## Work instructions
Please transcribe only the lines from the one holding "The Witcher 3" through the final line of the data, both included, with no pictures.
• • • • •
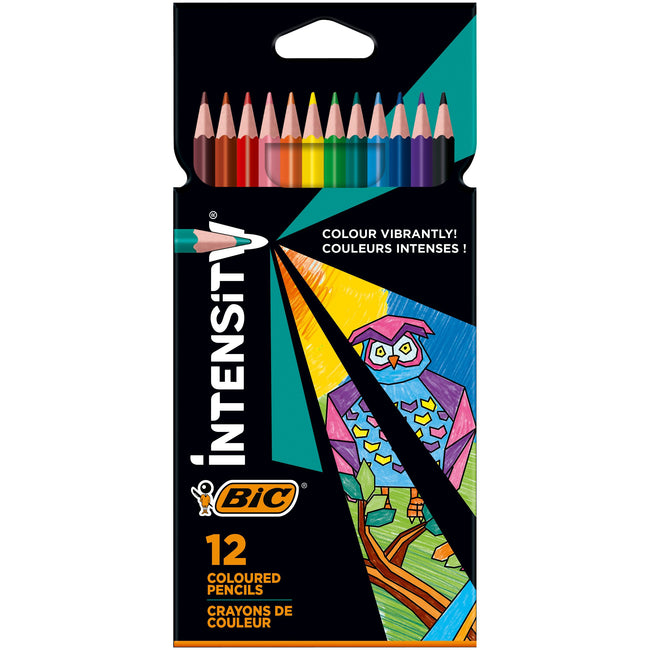 Bic - Buntstifte Intensity, sortiert, Karton mit 12 Stück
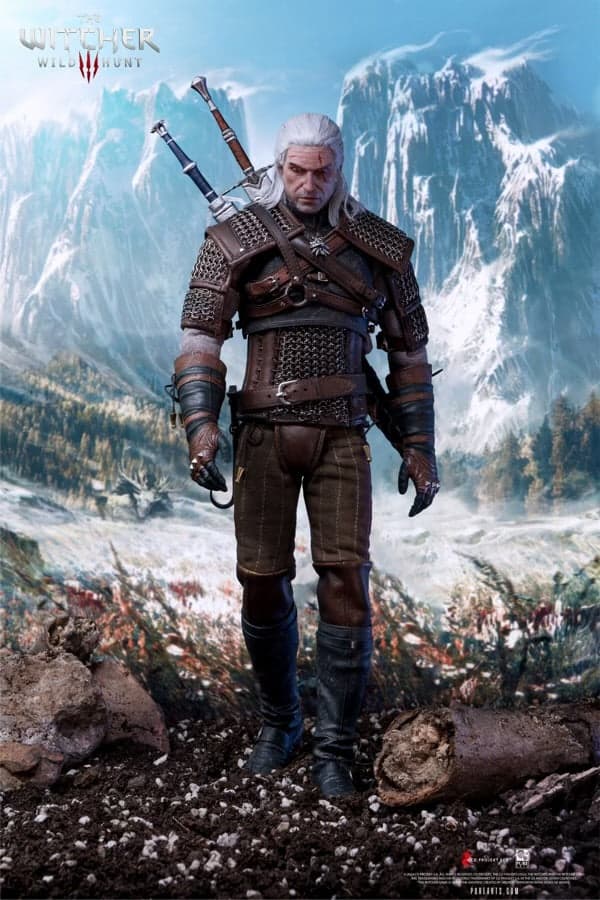 The Witcher 3 Pure Arts Studio Wild Hunt Geralt of Rivia Premium Licensed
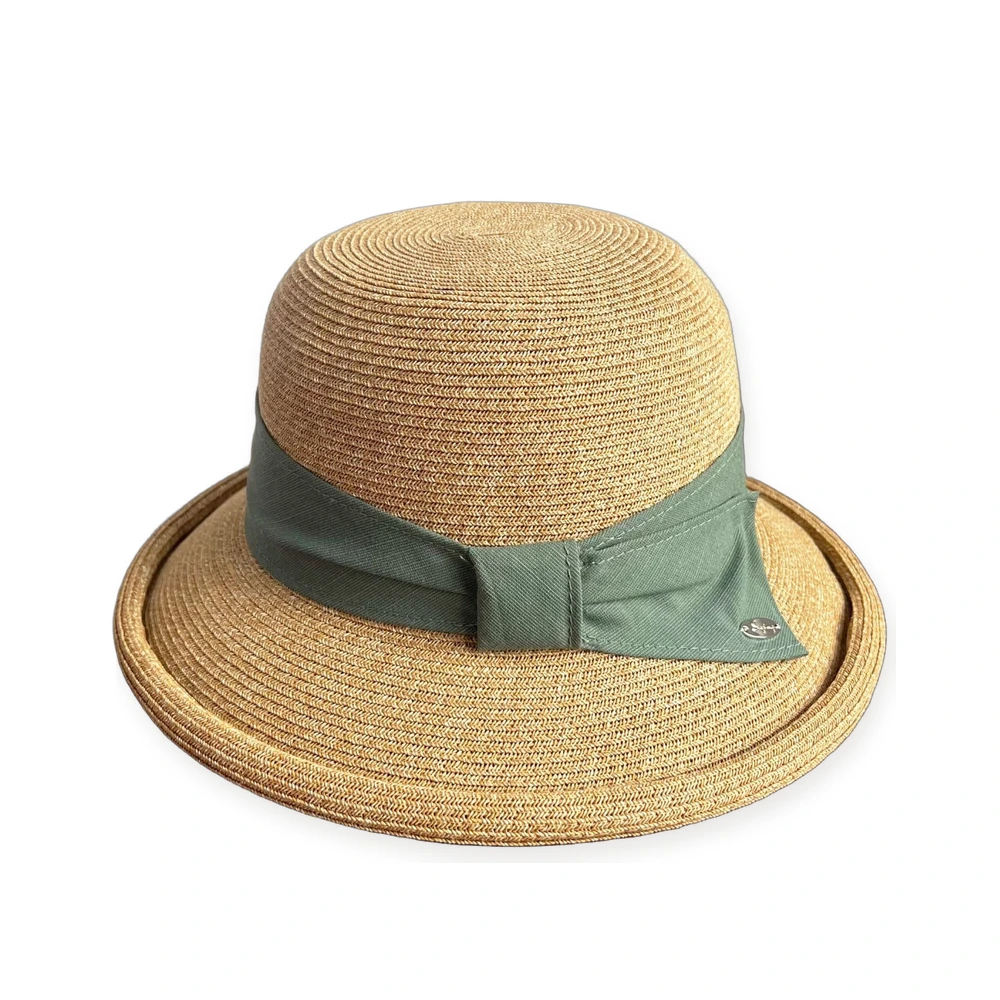 Paper Straw Sun Hat with Ribbon Bow image 2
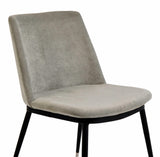 Evora Performance Velvet Dining Chair - Set of 2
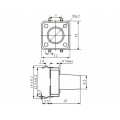 Chave Táctil com 4 Terminais 12x12x12mm 180º - KFC-A06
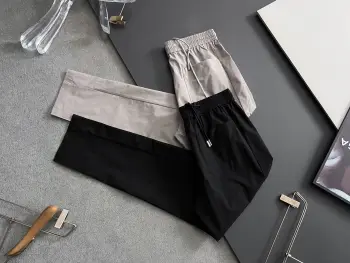 Elastic Waist Straight-leg Casual Pants Replica Louis Vuitton Pants and Trousers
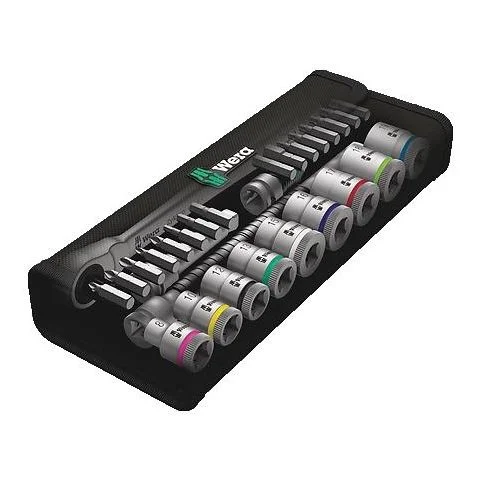 Zyklop Metal 004048 Wera Skrallenøkkelsett TT10678 Zyklop Metal 004048 Wera Skrallenøkkelsett TT10678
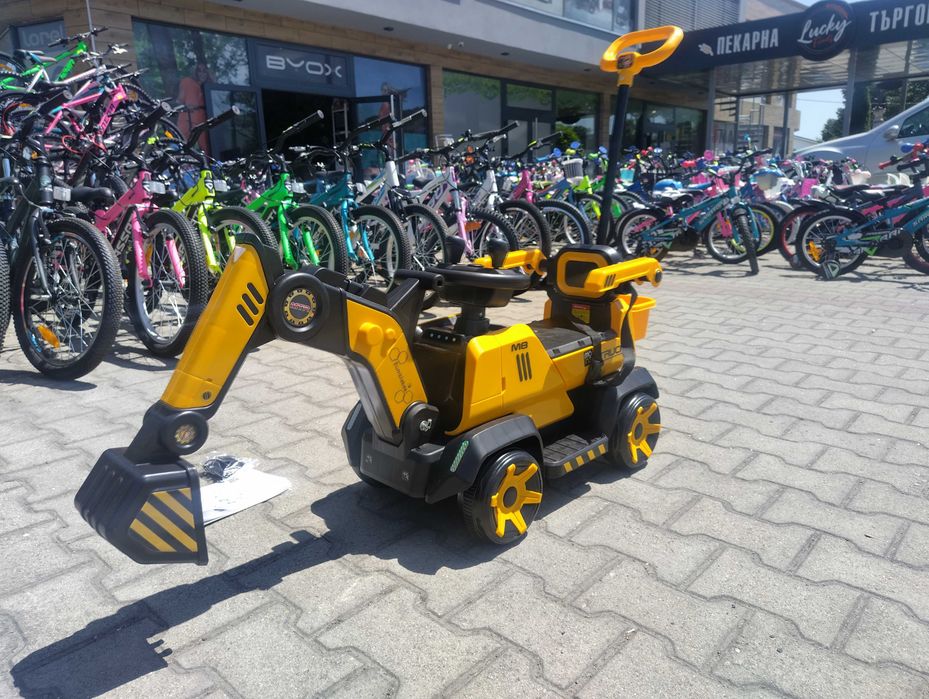 US Акумулаторен детски багер BUMBLEBEE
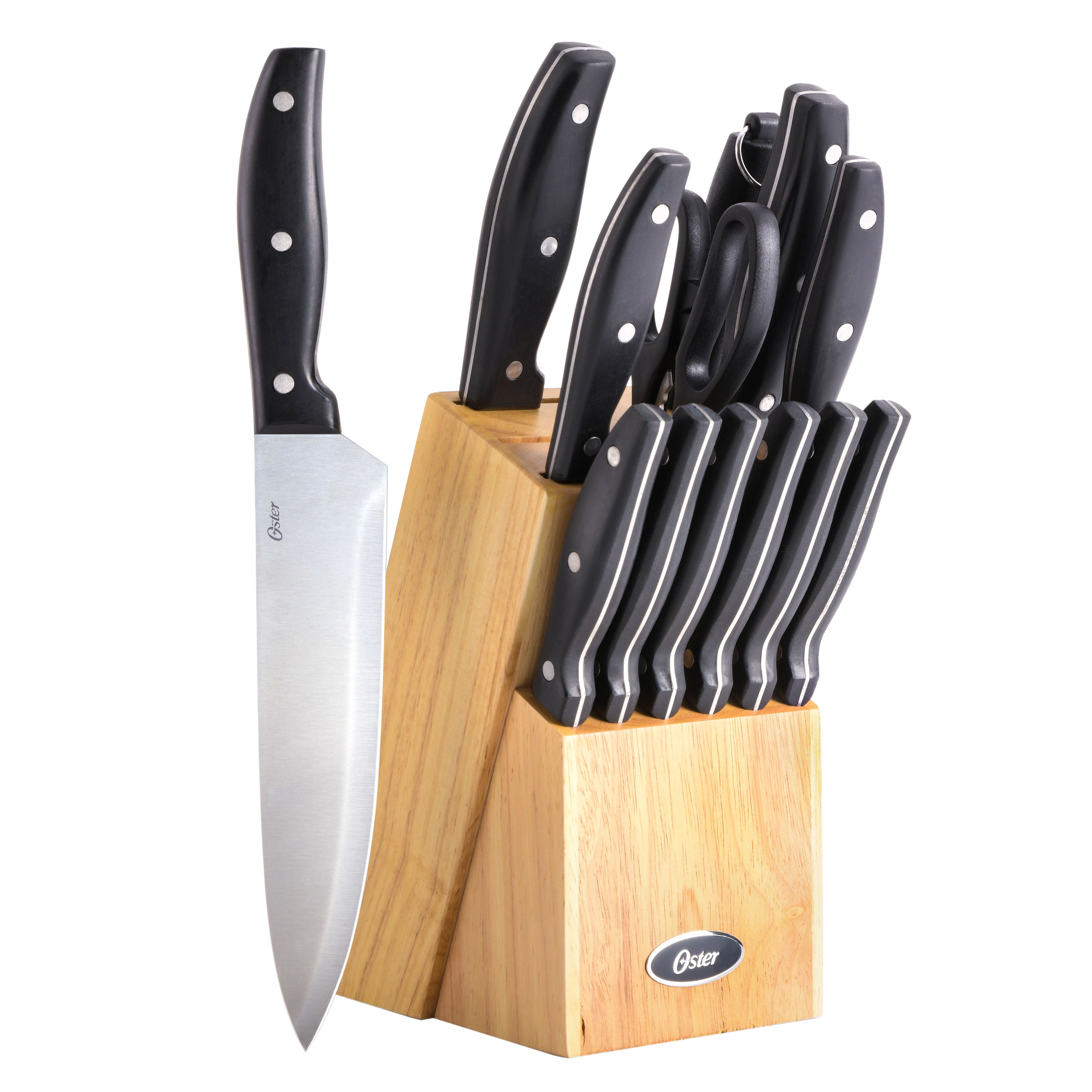 Oster Granger 14-Piece Cutlery Set w/ Wood Block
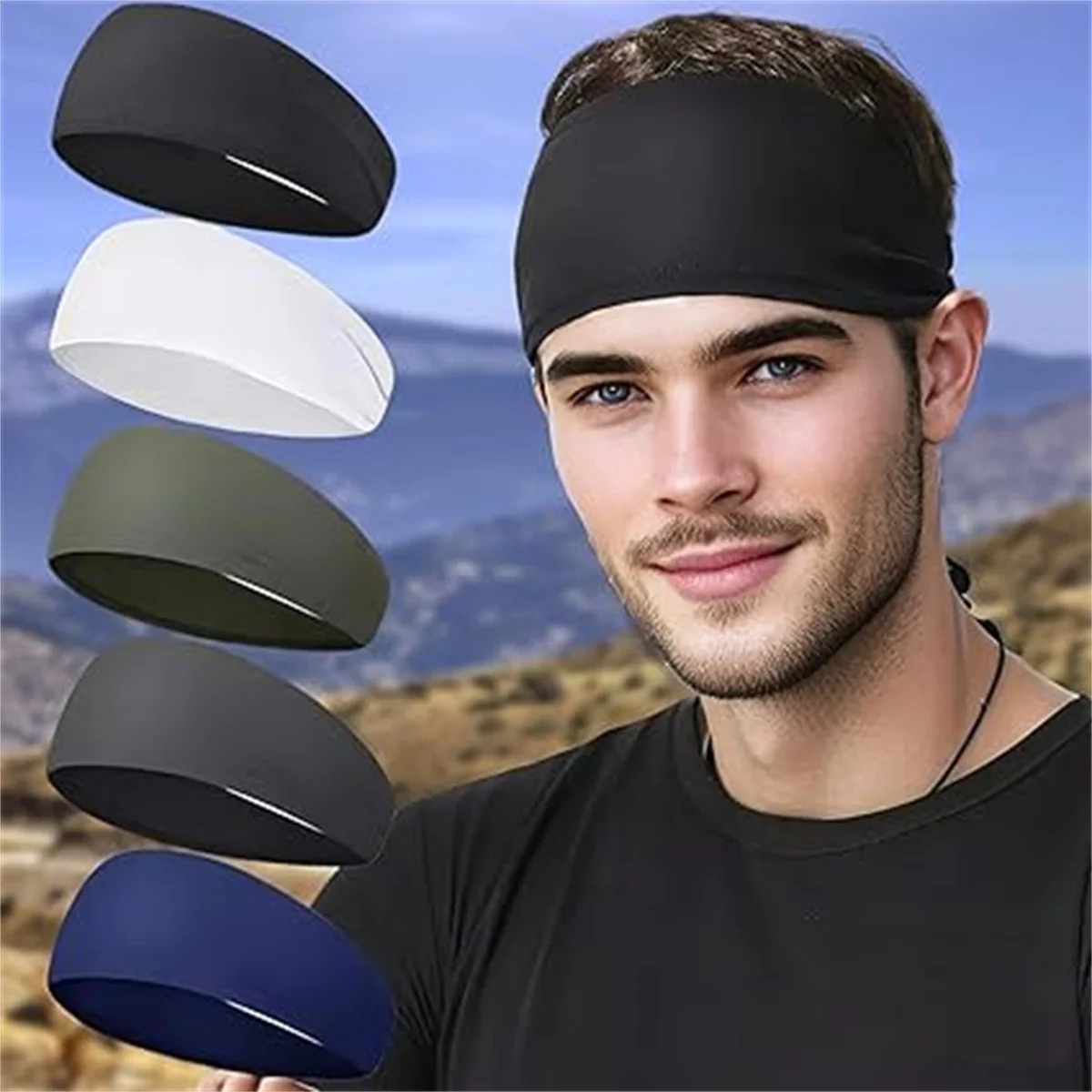 

Sports Headbands for Men & Women – Moisture-Wicking Sweatbands for Running, Cycling, Football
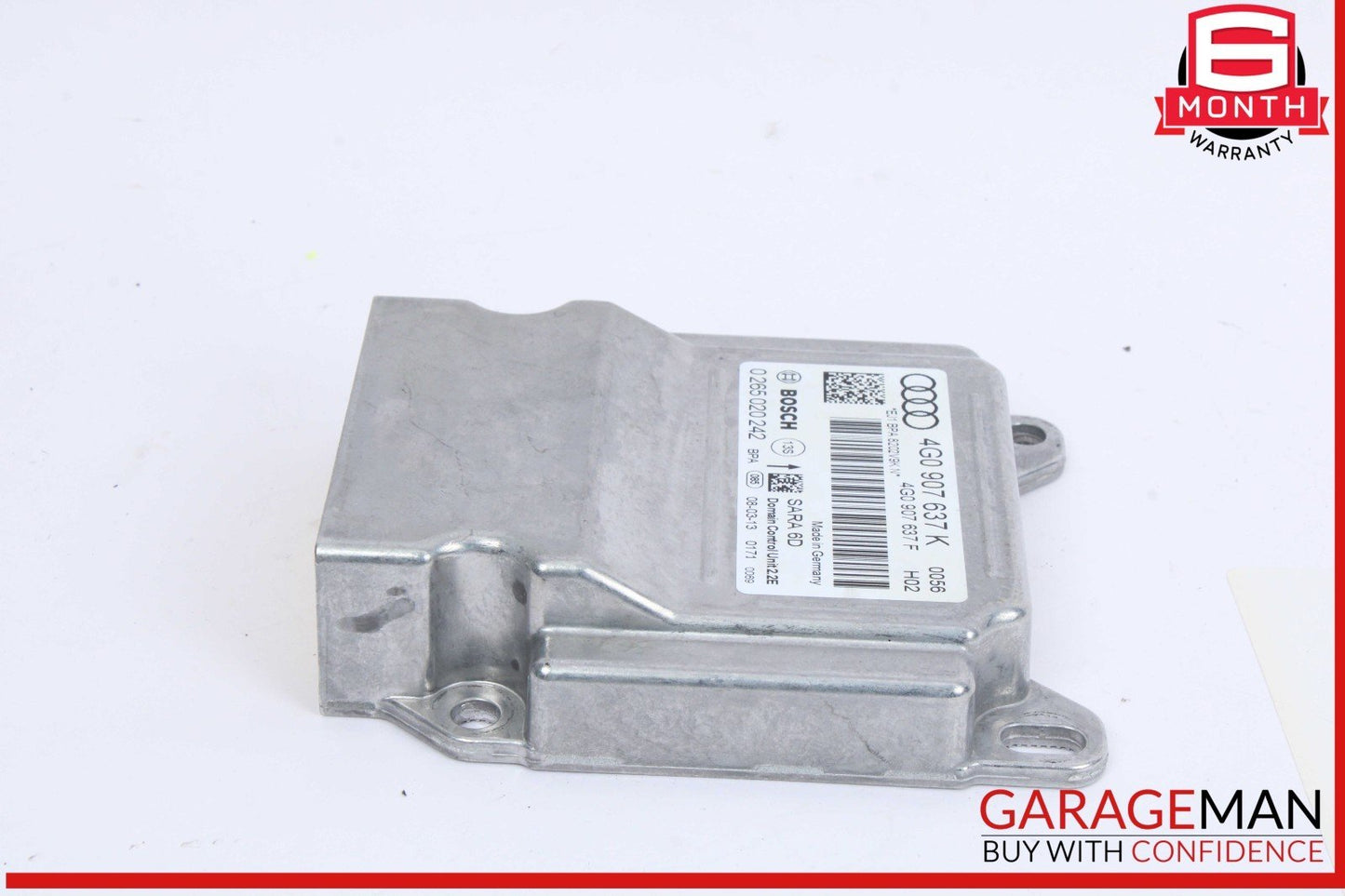 12-18 Audi A7 A6 Yaw Rate Accelerator Stability Speed Control Sensor 4G0907637K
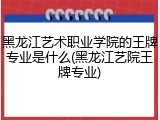 黑龙江艺术职业学院的王牌专业是什么(黑龙江艺院王牌专业)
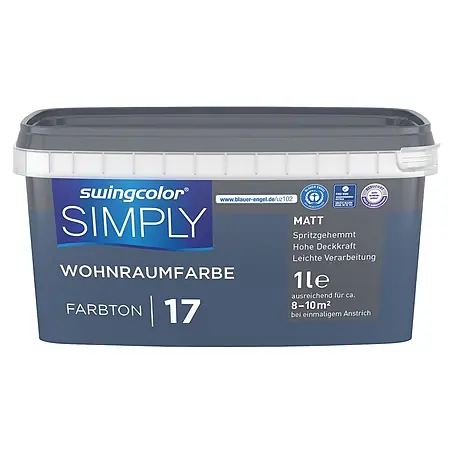 swingcolor  Wandfarbe SIMPLY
• • • • •
## Final answer
 The Witcher 3 Pure Arts Studio Wild Hunt Geralt of Rivia Premium Licensed
 Paper Straw Sun Hat with Ribbon Bow image 2
 Evora Performance Velvet Dining Chair - Set of 2
 Chave Táctil com 4 Terminais 12x12x12mm 180º - KFC-A06
 Elastic Waist Straight-leg Casual Pants Replica Louis Vuitton Pants and Trousers
 Zyklop Metal 004048 Wera Skrallenøkkelsett TT10678 Zyklop Metal 004048 Wera Skrallenøkkelsett TT10678
 US Акумулаторен детски багер BUMBLEBEE
 Oster Granger 14-Piece Cutlery Set w/ Wood Block

Sports Headbands for Men & Women – Moisture-Wicking Sweatbands for Running, Cycling, Football
 12-18 Audi A7 A6 Yaw Rate Accelerator Stability Speed Control Sensor 4G0907637K
 黑龙江艺术职业学院的王牌专业是什么(黑龙江艺院王牌专业)
 swingcolor  Wandfarbe SIMPLY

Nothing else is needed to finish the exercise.